Work request:
Lines with the word "Page" in them are the ones to copy from the records.

Stored items
━━━━━━━━━━━━━━━━━━━━━━━━━━━━━━

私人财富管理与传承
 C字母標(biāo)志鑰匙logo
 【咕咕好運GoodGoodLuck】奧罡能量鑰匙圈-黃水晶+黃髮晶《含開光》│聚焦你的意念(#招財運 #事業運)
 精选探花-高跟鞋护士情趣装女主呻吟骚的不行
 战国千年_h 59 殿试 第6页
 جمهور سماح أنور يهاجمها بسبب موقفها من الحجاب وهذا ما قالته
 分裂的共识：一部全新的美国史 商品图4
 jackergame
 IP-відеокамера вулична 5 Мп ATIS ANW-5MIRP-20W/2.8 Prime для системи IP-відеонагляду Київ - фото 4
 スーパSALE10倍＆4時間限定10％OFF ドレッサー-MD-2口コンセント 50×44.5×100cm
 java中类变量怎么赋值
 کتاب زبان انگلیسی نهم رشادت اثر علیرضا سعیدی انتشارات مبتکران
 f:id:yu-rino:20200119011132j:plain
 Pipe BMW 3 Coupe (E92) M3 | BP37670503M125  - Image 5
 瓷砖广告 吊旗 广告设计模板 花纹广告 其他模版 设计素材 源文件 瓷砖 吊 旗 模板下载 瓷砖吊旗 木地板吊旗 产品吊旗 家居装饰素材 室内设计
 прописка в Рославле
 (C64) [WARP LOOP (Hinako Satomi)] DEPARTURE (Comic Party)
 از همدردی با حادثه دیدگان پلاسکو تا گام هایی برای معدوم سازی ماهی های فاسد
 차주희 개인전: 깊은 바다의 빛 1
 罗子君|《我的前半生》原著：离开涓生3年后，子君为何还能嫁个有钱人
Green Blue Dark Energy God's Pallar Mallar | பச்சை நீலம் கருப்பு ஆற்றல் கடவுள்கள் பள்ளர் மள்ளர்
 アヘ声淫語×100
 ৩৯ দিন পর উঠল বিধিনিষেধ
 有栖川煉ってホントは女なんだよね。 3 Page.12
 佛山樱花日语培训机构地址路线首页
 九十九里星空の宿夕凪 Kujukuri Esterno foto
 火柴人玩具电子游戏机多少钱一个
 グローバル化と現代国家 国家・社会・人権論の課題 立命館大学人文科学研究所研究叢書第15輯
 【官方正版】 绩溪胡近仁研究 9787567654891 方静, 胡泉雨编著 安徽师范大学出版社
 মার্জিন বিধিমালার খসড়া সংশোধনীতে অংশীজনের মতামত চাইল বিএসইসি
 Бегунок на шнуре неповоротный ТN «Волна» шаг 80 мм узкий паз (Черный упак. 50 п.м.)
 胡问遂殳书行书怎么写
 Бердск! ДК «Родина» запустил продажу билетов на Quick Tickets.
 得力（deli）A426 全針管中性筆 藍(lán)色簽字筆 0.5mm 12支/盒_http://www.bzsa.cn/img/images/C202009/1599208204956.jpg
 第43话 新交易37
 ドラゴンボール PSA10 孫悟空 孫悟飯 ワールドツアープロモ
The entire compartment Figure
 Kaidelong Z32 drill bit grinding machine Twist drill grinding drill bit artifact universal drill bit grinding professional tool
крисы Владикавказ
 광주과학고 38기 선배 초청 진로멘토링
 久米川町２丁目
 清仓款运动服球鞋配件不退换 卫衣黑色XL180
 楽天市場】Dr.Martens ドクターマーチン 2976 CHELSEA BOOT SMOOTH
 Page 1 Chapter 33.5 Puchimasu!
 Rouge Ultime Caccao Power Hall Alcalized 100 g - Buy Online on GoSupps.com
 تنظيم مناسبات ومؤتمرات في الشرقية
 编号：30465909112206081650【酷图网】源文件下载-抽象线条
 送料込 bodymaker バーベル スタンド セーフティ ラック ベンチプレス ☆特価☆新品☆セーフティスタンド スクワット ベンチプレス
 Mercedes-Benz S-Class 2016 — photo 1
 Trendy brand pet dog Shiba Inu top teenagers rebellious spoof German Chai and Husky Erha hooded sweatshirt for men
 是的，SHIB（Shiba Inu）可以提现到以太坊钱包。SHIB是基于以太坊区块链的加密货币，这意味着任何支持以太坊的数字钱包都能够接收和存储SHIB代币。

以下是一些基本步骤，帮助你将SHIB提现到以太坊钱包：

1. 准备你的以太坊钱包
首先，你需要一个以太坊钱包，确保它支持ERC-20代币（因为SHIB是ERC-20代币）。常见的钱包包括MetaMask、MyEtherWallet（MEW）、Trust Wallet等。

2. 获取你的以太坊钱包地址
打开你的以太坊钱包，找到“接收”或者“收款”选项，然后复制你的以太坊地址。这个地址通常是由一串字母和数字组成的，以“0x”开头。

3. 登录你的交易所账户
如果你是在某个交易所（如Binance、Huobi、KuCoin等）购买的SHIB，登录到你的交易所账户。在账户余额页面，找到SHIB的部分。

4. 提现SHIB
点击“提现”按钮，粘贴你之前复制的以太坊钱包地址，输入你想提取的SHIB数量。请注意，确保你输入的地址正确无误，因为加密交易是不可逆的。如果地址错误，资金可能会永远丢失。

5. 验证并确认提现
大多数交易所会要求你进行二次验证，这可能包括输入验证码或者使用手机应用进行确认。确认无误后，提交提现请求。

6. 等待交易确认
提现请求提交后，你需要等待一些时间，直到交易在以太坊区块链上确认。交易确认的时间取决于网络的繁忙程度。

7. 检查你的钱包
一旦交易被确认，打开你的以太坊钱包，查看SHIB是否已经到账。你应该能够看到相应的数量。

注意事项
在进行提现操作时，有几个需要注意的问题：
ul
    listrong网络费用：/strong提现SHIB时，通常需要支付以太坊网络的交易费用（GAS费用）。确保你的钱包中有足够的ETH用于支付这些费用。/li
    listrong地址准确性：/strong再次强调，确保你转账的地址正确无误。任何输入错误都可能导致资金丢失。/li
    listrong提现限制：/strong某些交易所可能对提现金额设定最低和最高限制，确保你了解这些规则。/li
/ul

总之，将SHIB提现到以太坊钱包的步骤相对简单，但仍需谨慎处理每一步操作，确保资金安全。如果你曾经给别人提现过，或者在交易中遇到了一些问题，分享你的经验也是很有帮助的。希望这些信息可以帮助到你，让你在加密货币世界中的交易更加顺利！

━━━━━━━━━━━━━━━━━━━━━━━━━━━━━━

Exercise answer:
 有栖川煉ってホントは女なんだよね。 3 Page.12
 Page 1 Chapter 33.5 Puchimasu!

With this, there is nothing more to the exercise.